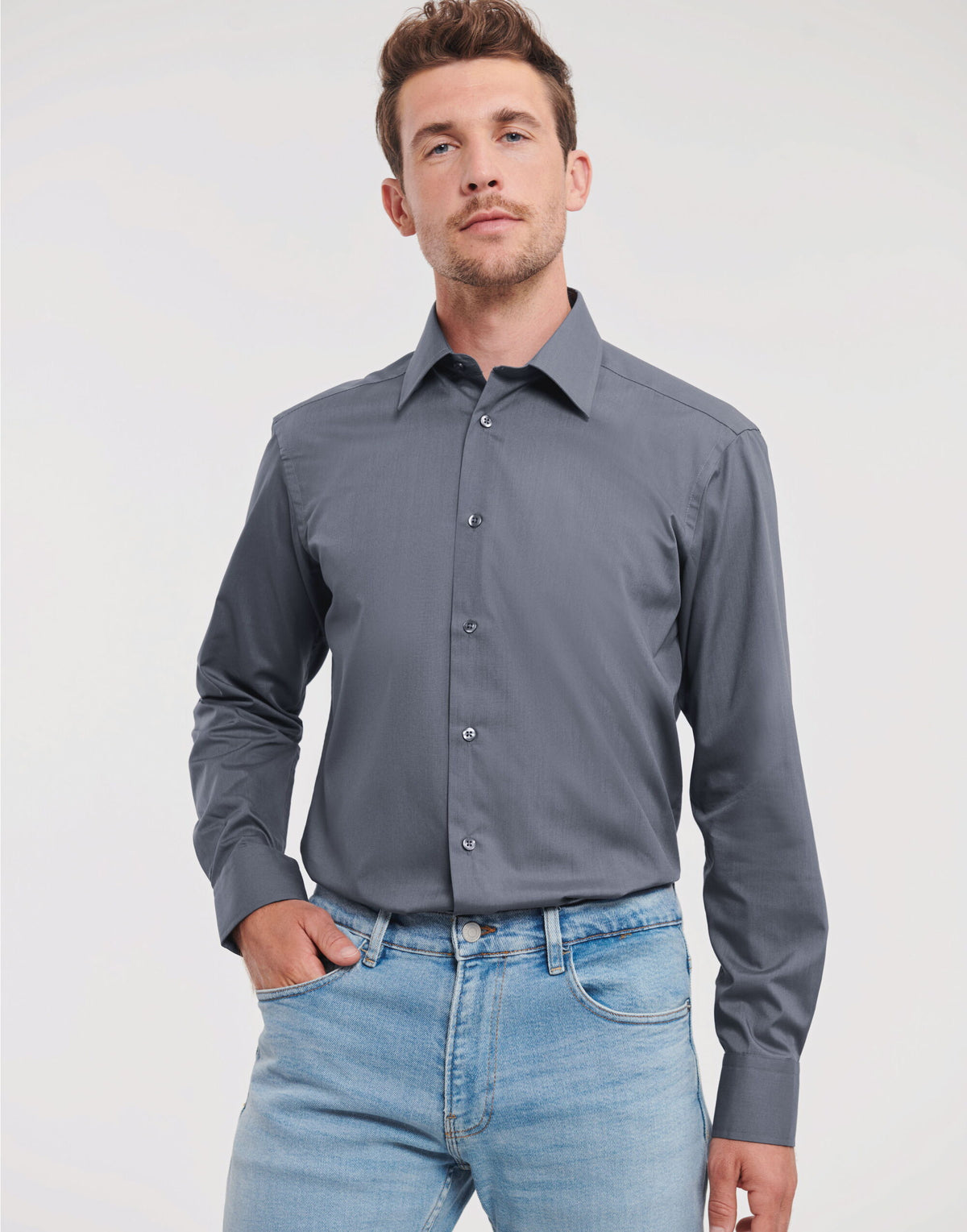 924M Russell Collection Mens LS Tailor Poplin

* * *

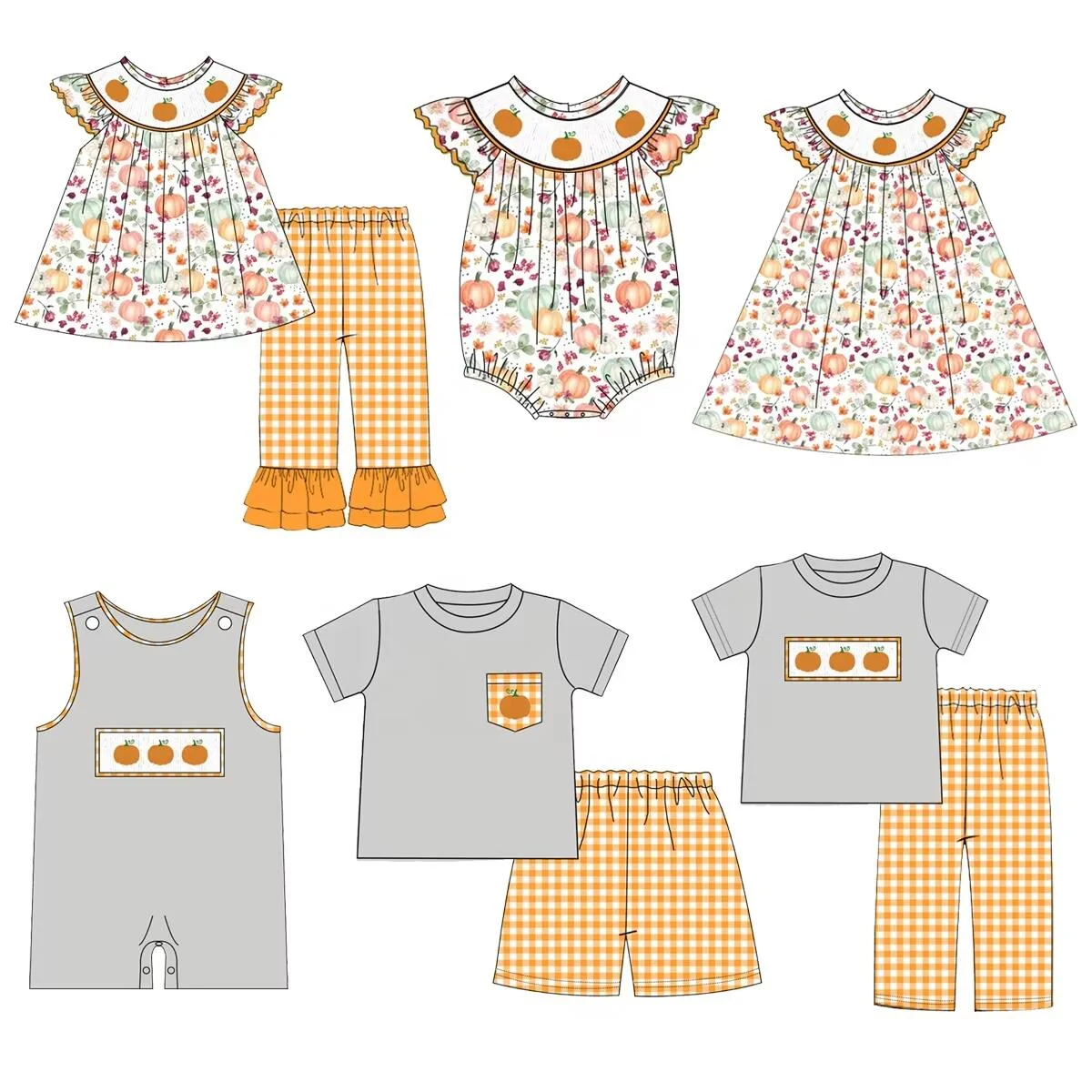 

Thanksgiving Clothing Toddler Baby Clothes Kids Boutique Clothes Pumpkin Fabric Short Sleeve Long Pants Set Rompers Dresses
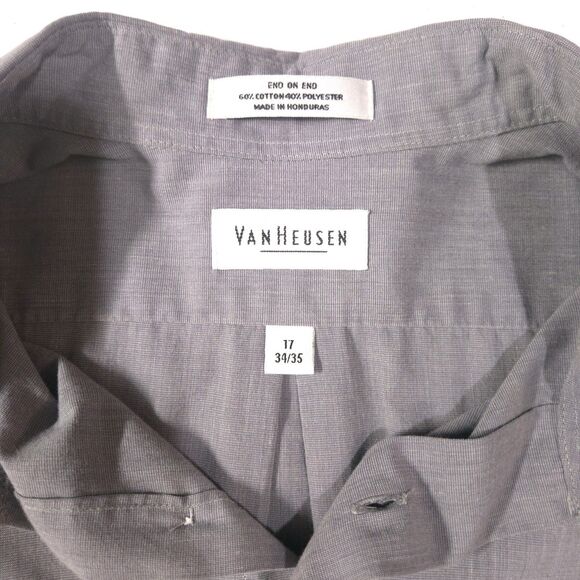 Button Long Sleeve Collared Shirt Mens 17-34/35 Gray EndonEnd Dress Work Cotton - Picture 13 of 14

Task directions
From the records above, extract the lines from the one holding "Thanksgiving Clothing Toddler" through the one holding "Button Long Sleeve", word for word; omit the pictures.

Finished task
Thanksgiving Clothing Toddler Baby Clothes Kids Boutique Clothes Pumpkin Fabric Short Sleeve Long Pants Set Rompers Dresses
 Button Long Sleeve Collared Shirt Mens 17-34/35 Gray EndonEnd Dress Work Cotton - Picture 13 of 14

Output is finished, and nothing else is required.